More than 83 percent of Amdocs survey respondents showed a strong willingness to use their mobile phone as a means of sending money internationally.

amdocs and mobile banking

A large majority of international money transfer service users (82 percent) using services currently offered by existing players such as money transfer operators (MTOs) and banks, are dissatisfied, according to an Amdocs survey.

The report found almost half (47 percent) of all respondents cite speed of money transfer as a major challenge with their current provider, including 48 percent of those who send through MTOs, 49 percent of those who prefer a bank transfer and 46 percent who use the Internet.

More than 83 percent of respondents show a strong willingness to use their mobile phone as a means of sending money internationally.

When current user base of MTOs is considered, this percentage rises to 92 percent, indicating that a mobile offering, suitably priced and marketed could have a substantial disruptive effect.

"Mobile has a strong opportunity to disrupt the money transfer business.

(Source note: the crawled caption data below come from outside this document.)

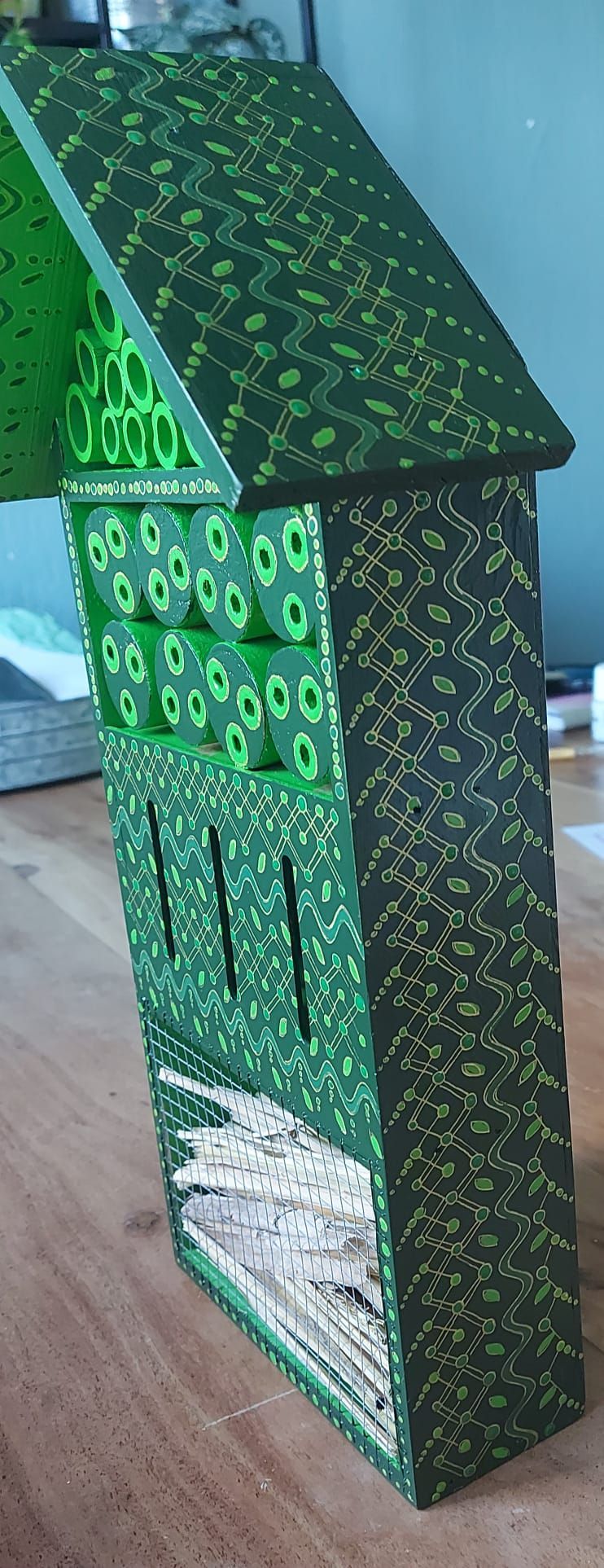 Groen vogelhuisje met patroon en dak, geplaatst op een houten ondergrond.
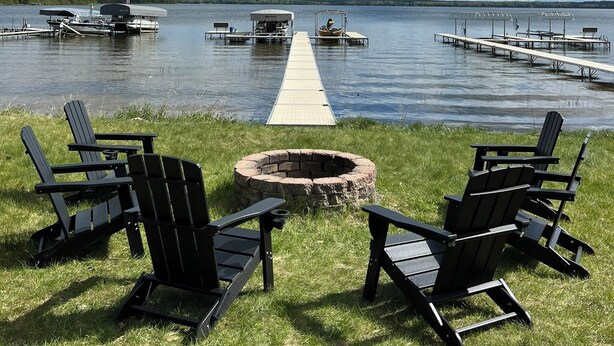 A lakeside view with a dock extending into the water, surrounded by chairs and a fire pit.
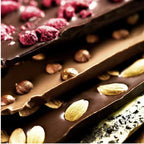 ØKOLADEN - ØKOLOGISK MØRK 70% CHOKOLADE - HASSELNØDDER - 75 g.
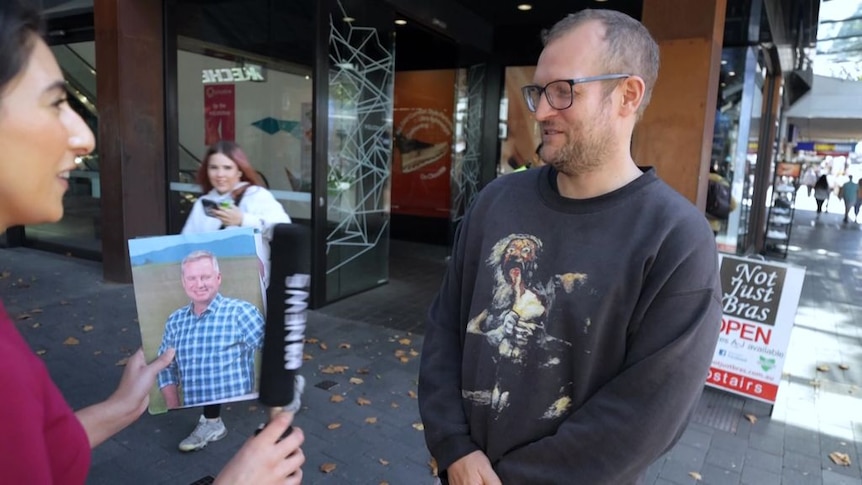 Man on the street looks at a photo being held by a reporter who is holding a microphone.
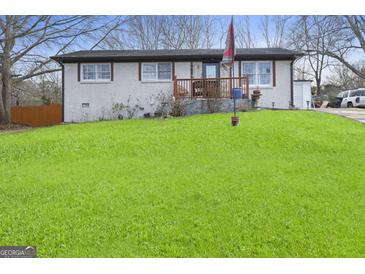 Charming one-story home featuring a brick facade, well-maintained lawn, and inviting front porch at 2827 Somerton Dr, Morrow, GA 30260
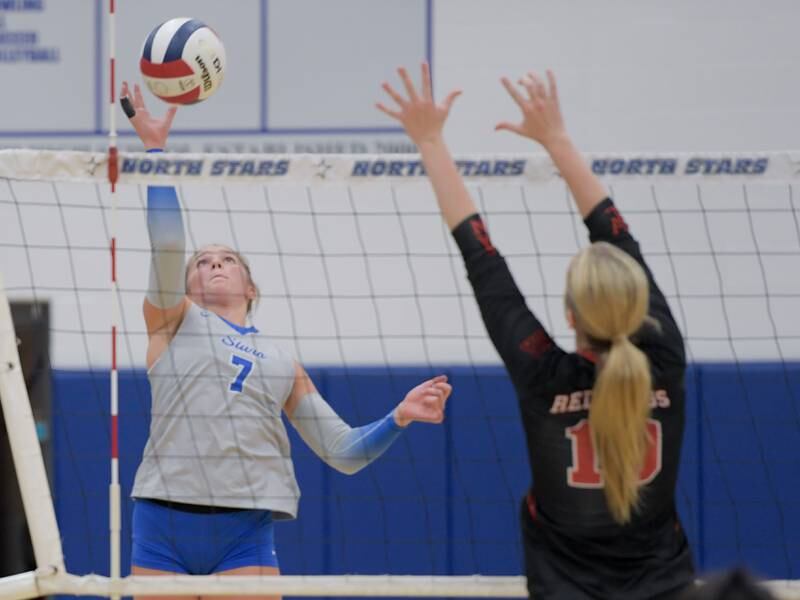 St. Charles North's Mia Mccall (7) hits the ball past Benet’s Ava Novak (10) during a game on Wednesday, September 20, 2023.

As a medium, it provides the ultimate convenience in terms of availability, accessibility and ease of use," Sharath Dorbala, vice president and head of products, sales and marketing for mobile financial services at Amdocs, told eWEEK. "This combined with innovative business models have disrupted legacy value chains that were built over years and added unnecessary costs on the consumer."

Dorbala explained that just as Uber upended the transportation business, mobile solutions are poised to remake the established MTO marketplace.

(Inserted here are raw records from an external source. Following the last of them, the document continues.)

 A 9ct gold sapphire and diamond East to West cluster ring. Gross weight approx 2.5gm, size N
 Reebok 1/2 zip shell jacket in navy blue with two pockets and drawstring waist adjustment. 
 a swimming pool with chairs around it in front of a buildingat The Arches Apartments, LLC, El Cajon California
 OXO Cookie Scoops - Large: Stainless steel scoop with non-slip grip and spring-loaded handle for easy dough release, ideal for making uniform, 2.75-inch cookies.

"And that comes right out of our survey: a whopping 92 percent of the people we surveyed who were already using MTOs said they’d be willing to shift to using their mobile phones – mobile money – for this purpose," he said. "The time is right, and the market dynamics are right. Our survey revealed that people see the biggest benefits of mobile money transfer as convenience, security and cost."

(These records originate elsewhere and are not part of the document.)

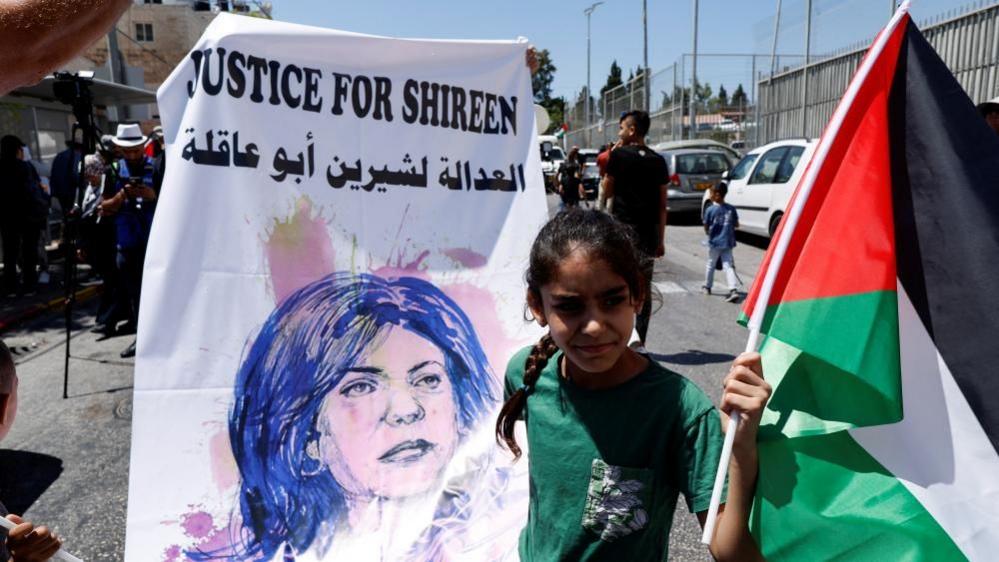 A young Palestinian girl holds up a Palestinian flag and a poster that says Justice for Shireen with a drawing of the Palestinian-American journalist.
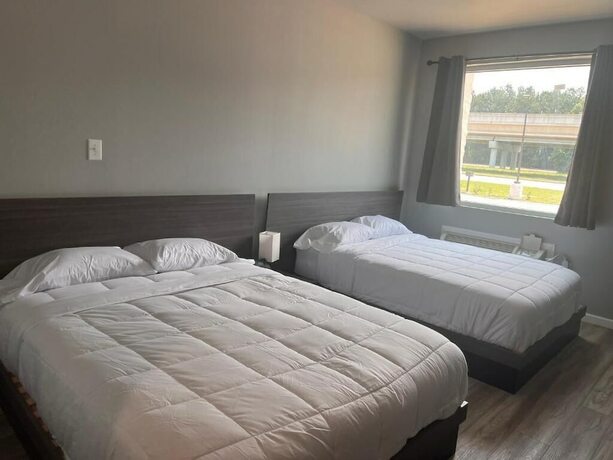 Imagen de la habitación del Hotel Champion Inn. Foto 7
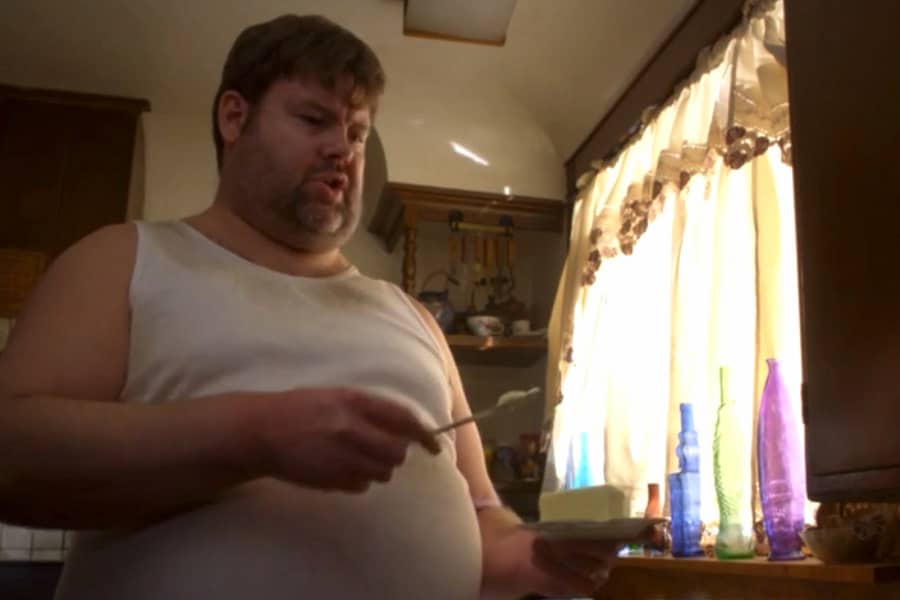 a man holding butter and a knife looks at a toaster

According to the survey, 41 percent of those respondents willing to use a mobile international remittance service say that they would be prepared to pay up to $4 per transaction, with a further 21 percent prepared to pay up to $5.

"Clearly, security has to be a prime consideration in any money transfer solution – if consumers don’t trust it, and the system cannot ensure safety, it won’t work," Dorbala said. "While the established MTO model has some drawbacks--such as cost, with multiple entities taking chunks out of the transaction at every step of the way--it has proven itself to be secure."

He pointed out that mobile money solutions are in fact raising the standards of security at a device level where it is more vulnerable.

"For example we see biometrics like finger printing, facial recognition, two-factor authentications, and encryption technologies and of course the security offered by mobile networks itself adheres to that same high standard of safety and security," Dorbala said. "In fact, sending money over your mobile device is equally or even more secure than a credit transaction."